Vazquez testified in front of an independent commission established by Democratic Gov. Janet Mills. The commission has held several public sessions with police and Army officials, victims' family members, survivors and others to get a fuller picture of the circumstances surrounding the shootings.

An interim report released by the commission in March found that law enforcement should have seized Card's guns and put him in protective custody weeks before he committed Maine’s deadliest mass shooting. Card died by suicide in the aftermath of the shootings.

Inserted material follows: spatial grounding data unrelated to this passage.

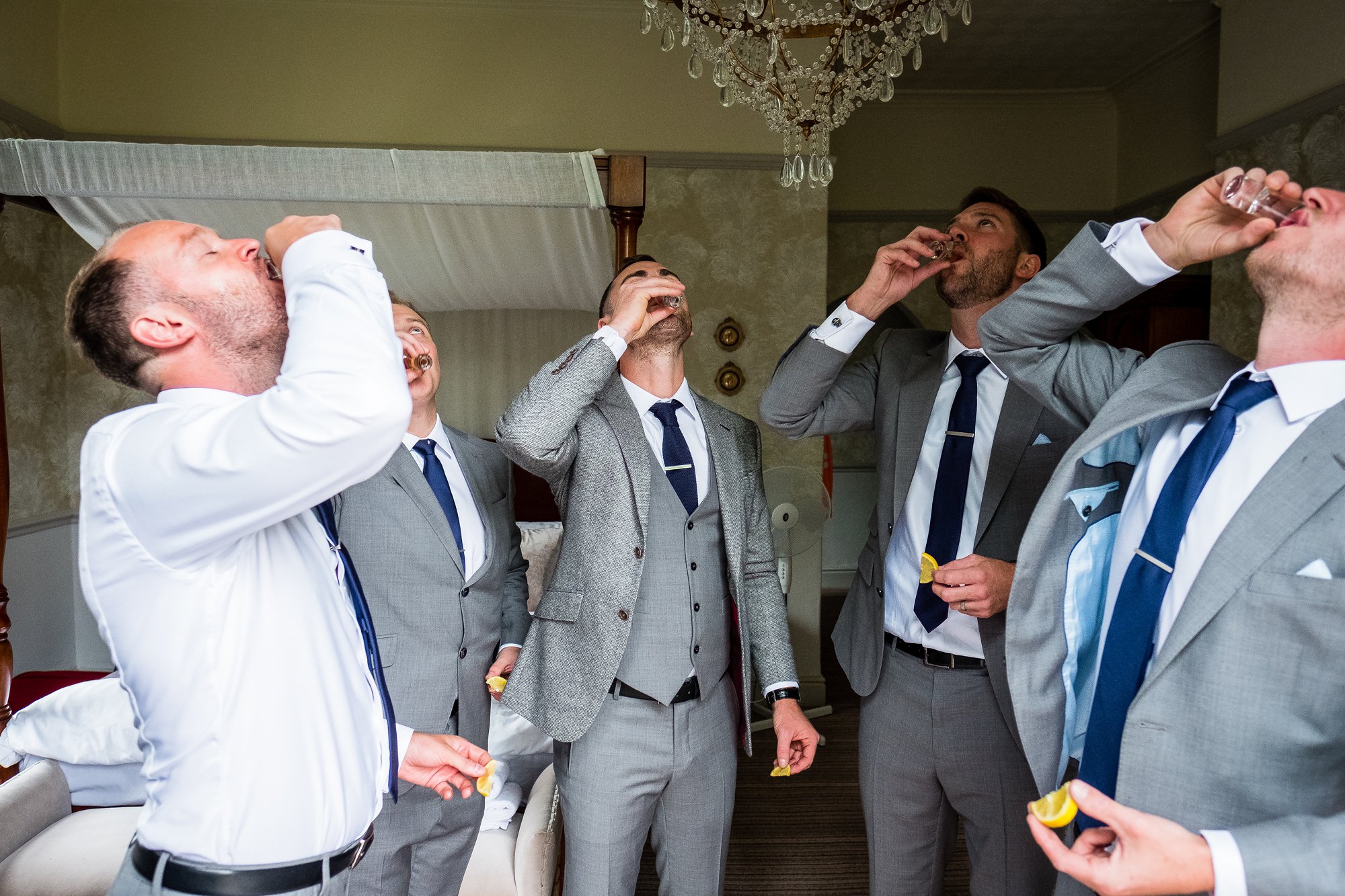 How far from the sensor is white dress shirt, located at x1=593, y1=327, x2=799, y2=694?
2074 millimetres

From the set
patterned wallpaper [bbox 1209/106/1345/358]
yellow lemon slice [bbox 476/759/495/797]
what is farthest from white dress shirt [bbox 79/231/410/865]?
patterned wallpaper [bbox 1209/106/1345/358]

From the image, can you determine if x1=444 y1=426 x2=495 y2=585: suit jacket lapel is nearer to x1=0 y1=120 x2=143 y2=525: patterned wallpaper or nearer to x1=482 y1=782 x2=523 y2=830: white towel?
x1=482 y1=782 x2=523 y2=830: white towel

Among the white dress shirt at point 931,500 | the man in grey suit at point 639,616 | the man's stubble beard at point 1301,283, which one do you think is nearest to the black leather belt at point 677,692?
the man in grey suit at point 639,616

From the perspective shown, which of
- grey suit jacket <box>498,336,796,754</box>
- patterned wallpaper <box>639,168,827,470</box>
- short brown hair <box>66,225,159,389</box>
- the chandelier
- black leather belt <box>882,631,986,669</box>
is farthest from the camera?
patterned wallpaper <box>639,168,827,470</box>

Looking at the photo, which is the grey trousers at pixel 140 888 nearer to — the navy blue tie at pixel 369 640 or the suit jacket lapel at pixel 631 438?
the navy blue tie at pixel 369 640

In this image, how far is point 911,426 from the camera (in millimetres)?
2129

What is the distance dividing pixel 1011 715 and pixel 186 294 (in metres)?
1.71

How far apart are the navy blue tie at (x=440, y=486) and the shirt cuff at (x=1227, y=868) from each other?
4.82 feet

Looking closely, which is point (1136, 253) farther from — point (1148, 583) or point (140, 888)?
point (140, 888)

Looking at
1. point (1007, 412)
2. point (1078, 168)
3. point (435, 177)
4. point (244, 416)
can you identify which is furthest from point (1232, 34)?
point (244, 416)

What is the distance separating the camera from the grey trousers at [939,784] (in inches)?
76.7

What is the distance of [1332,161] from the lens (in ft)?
13.8

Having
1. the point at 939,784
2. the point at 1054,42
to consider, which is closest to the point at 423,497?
the point at 939,784

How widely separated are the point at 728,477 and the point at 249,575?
1.15 m
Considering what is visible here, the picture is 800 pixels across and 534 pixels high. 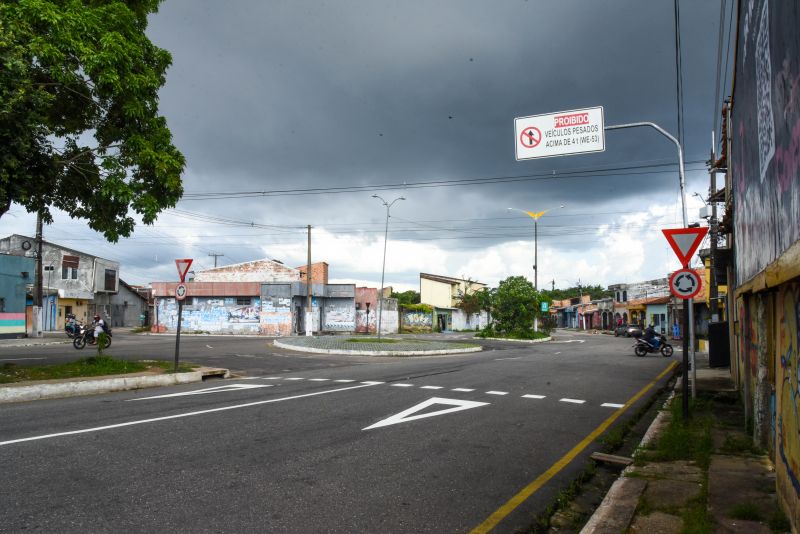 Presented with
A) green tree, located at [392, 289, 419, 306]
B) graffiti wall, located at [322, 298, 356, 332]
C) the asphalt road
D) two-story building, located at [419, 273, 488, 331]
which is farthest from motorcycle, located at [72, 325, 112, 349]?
green tree, located at [392, 289, 419, 306]

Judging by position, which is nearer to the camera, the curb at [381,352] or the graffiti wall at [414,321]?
the curb at [381,352]

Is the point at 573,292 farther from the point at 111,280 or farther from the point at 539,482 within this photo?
the point at 539,482

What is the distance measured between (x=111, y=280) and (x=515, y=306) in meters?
42.6

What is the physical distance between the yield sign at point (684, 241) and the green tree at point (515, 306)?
35565 mm

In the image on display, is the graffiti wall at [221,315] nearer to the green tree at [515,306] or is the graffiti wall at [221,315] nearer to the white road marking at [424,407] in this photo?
the green tree at [515,306]

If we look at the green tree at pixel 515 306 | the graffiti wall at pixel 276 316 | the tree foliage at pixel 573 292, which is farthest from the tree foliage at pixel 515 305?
the tree foliage at pixel 573 292

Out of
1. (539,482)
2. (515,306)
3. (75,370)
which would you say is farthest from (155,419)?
(515,306)

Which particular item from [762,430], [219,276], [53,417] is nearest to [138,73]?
[53,417]

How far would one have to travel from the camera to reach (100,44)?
12930 millimetres

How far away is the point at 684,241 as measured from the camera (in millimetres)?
9680

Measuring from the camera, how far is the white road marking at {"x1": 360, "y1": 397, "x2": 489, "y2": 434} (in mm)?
8070

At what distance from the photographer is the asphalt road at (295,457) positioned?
435cm

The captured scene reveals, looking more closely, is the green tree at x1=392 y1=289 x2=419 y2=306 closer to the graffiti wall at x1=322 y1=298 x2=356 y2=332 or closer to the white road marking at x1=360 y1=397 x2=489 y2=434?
the graffiti wall at x1=322 y1=298 x2=356 y2=332

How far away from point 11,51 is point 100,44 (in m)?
2.56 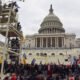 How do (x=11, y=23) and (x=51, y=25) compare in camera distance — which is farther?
(x=51, y=25)

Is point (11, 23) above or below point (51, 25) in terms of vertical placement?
below

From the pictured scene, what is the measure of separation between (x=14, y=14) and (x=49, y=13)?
115 m

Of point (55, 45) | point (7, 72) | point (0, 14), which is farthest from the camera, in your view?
point (55, 45)

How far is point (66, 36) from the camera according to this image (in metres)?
118

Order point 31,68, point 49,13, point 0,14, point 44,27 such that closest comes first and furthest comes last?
point 0,14 < point 31,68 < point 44,27 < point 49,13

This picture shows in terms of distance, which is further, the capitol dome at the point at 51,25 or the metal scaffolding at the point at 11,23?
the capitol dome at the point at 51,25

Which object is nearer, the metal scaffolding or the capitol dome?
the metal scaffolding

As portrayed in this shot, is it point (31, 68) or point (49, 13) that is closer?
point (31, 68)

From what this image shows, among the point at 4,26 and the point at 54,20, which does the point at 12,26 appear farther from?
the point at 54,20

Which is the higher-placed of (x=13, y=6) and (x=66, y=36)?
(x=66, y=36)

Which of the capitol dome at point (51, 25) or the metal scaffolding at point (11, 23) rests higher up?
the capitol dome at point (51, 25)

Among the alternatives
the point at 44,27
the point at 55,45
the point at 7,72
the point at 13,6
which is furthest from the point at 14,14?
the point at 44,27

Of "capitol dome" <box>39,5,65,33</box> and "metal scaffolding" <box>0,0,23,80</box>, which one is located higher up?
"capitol dome" <box>39,5,65,33</box>

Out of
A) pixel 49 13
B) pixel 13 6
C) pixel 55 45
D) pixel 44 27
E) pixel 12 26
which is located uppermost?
pixel 49 13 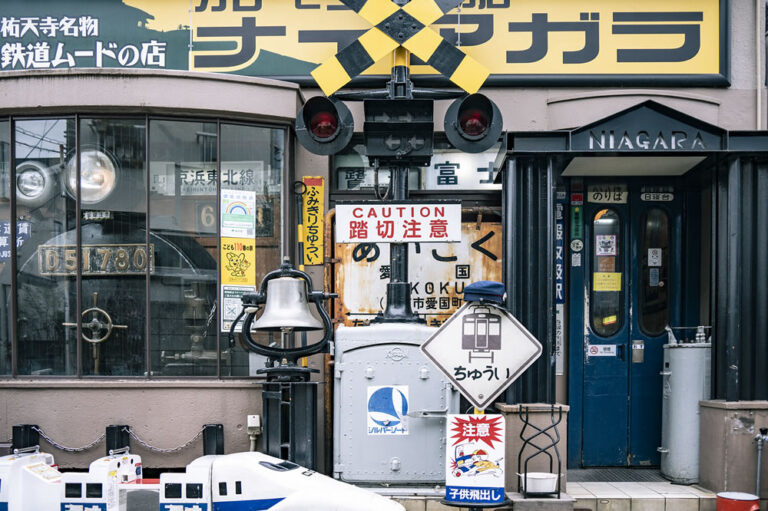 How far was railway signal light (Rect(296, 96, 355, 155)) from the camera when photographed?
7043 millimetres

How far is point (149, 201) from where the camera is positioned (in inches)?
328

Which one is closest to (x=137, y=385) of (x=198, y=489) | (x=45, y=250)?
(x=45, y=250)

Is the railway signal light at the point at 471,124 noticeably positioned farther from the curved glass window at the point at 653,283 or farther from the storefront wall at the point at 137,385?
the curved glass window at the point at 653,283

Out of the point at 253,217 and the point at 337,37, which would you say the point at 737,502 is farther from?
the point at 337,37

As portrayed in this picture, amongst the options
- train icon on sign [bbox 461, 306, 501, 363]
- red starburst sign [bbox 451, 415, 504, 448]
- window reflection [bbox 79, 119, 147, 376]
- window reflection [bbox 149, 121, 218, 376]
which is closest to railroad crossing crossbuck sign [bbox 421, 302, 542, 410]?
train icon on sign [bbox 461, 306, 501, 363]

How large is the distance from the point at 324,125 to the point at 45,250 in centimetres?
391

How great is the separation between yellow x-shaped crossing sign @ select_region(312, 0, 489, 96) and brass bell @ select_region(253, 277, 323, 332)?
222 cm

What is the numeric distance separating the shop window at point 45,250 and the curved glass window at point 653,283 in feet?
23.2

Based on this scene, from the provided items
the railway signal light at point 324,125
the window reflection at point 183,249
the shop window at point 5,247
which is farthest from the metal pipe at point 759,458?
the shop window at point 5,247

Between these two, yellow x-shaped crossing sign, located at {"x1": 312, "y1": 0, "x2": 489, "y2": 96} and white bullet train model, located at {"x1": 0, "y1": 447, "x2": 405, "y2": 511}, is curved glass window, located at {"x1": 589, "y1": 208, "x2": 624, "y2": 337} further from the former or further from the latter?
white bullet train model, located at {"x1": 0, "y1": 447, "x2": 405, "y2": 511}

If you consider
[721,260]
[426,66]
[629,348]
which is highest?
[426,66]

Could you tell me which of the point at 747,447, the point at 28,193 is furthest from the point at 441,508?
the point at 28,193

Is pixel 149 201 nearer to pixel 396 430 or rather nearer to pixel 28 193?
pixel 28 193

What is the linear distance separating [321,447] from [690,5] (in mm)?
7306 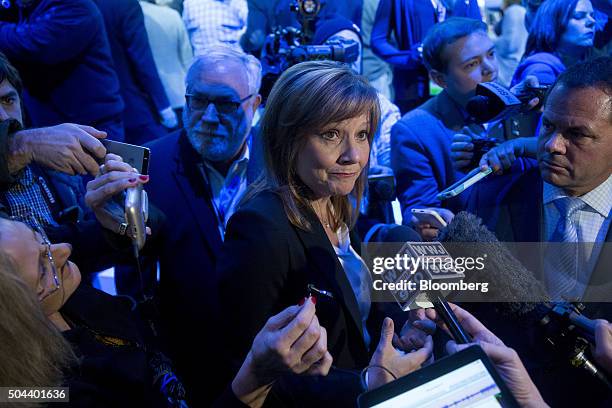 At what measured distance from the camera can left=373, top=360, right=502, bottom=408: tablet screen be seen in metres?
1.02

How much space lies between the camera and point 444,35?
10.1ft

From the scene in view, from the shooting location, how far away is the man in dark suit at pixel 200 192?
91.5 inches

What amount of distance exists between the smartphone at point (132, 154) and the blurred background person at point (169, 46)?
8.86 feet

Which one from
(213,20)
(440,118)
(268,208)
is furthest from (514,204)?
(213,20)

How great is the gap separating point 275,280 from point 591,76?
1119 millimetres

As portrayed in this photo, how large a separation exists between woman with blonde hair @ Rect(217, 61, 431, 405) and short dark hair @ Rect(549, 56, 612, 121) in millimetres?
587

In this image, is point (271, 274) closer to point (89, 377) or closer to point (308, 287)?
point (308, 287)

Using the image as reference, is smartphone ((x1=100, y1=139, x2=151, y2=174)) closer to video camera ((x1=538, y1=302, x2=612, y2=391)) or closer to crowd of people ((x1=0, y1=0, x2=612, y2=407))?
crowd of people ((x1=0, y1=0, x2=612, y2=407))

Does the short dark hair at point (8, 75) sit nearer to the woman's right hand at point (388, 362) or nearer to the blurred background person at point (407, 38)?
the woman's right hand at point (388, 362)

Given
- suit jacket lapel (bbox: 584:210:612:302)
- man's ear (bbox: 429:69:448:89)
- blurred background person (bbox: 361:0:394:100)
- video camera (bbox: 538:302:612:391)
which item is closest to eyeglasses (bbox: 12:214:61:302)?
video camera (bbox: 538:302:612:391)

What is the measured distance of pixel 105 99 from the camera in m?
3.42

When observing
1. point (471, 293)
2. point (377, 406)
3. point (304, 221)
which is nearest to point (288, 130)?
point (304, 221)

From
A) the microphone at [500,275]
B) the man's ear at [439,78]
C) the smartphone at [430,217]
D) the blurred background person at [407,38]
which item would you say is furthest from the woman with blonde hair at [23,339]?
the blurred background person at [407,38]

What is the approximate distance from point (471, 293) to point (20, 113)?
1.68 m
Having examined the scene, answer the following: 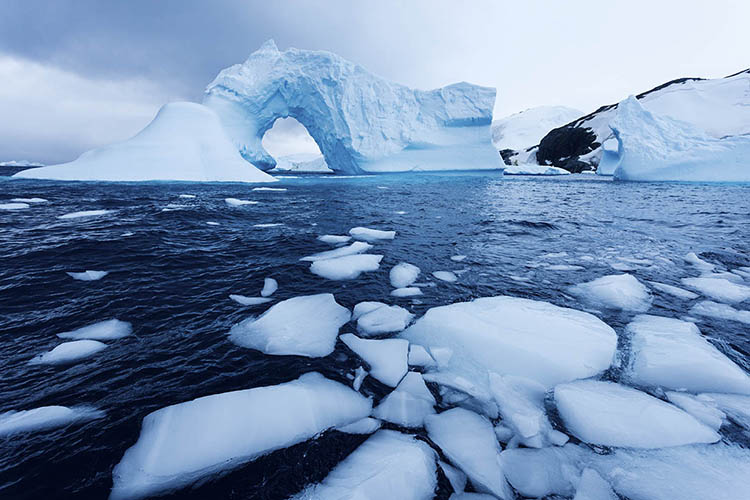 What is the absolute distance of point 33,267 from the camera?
10.4 feet

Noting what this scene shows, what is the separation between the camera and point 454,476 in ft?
4.00

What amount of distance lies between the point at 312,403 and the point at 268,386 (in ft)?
0.91

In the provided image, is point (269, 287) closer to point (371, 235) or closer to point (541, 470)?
point (371, 235)

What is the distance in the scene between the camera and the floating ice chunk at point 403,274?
3.04 meters

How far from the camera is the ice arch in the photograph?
19609mm

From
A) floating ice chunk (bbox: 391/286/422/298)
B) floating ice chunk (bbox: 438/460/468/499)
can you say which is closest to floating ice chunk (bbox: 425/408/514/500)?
floating ice chunk (bbox: 438/460/468/499)

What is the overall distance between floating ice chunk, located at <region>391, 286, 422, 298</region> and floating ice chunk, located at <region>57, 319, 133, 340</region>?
6.61 ft

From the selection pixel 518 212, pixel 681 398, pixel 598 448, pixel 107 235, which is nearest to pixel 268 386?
pixel 598 448

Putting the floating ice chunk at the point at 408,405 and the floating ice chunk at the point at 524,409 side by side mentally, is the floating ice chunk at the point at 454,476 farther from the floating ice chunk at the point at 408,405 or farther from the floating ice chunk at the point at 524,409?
the floating ice chunk at the point at 524,409

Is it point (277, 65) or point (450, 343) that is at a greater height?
point (277, 65)

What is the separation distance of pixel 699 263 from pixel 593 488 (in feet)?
13.1

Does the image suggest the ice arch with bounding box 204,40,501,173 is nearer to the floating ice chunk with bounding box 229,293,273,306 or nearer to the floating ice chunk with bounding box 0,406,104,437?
the floating ice chunk with bounding box 229,293,273,306

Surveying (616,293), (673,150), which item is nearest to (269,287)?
(616,293)

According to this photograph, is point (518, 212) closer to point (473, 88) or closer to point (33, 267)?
point (33, 267) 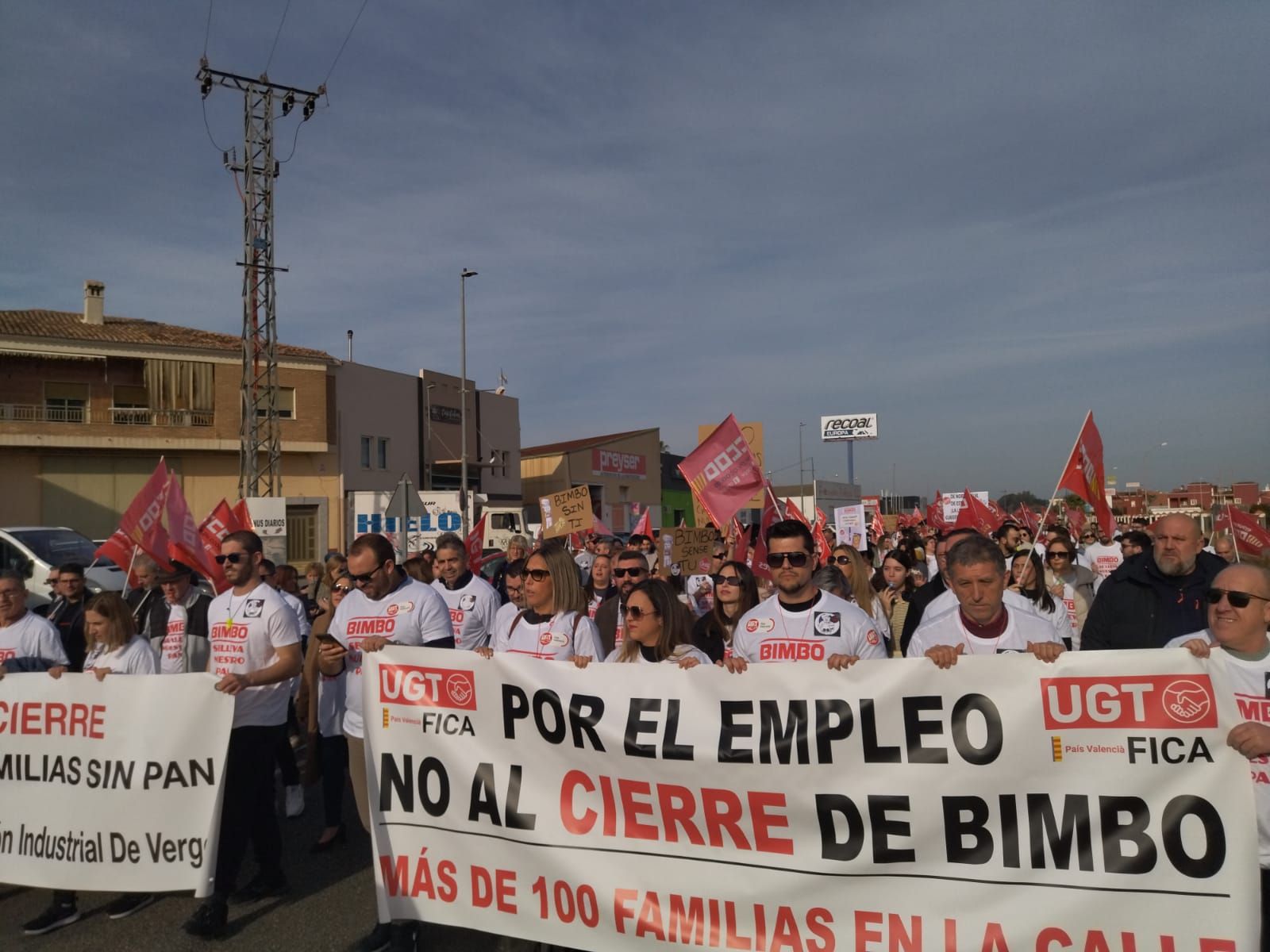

Card's command officer also acknowledged to the independent commission in April that he didn’t take action when the reservist skipped counselor sessions, and didn’t attempt to verify that the shooter’s family took away his guns.
Monday, members of the Lewiston commission acknowledged during Vazquez's testimony that Card's Army superiors faced limitations in the months before the shootings.

“We have all come to have an very acute appreciation of the lack of authority the command structure has over the reservists,” said Paula Silsby, a member of the commission and a former United States attorney for the District of Maine.

The shootings are also the subject of a review by the Army Reserves and an investigation by the Army Inspector General. Army officials have indicated the reports could be available early this summer. Vazquez said during Monday's hearing he was unaware of when the Reserves report is coming out.

An Army health official told the panel last week that another challenge is there are limitations in health care coverage for reservists compared with full-time soldiers.

The Lewiston commission is expected to release its full report about the shootings this summer.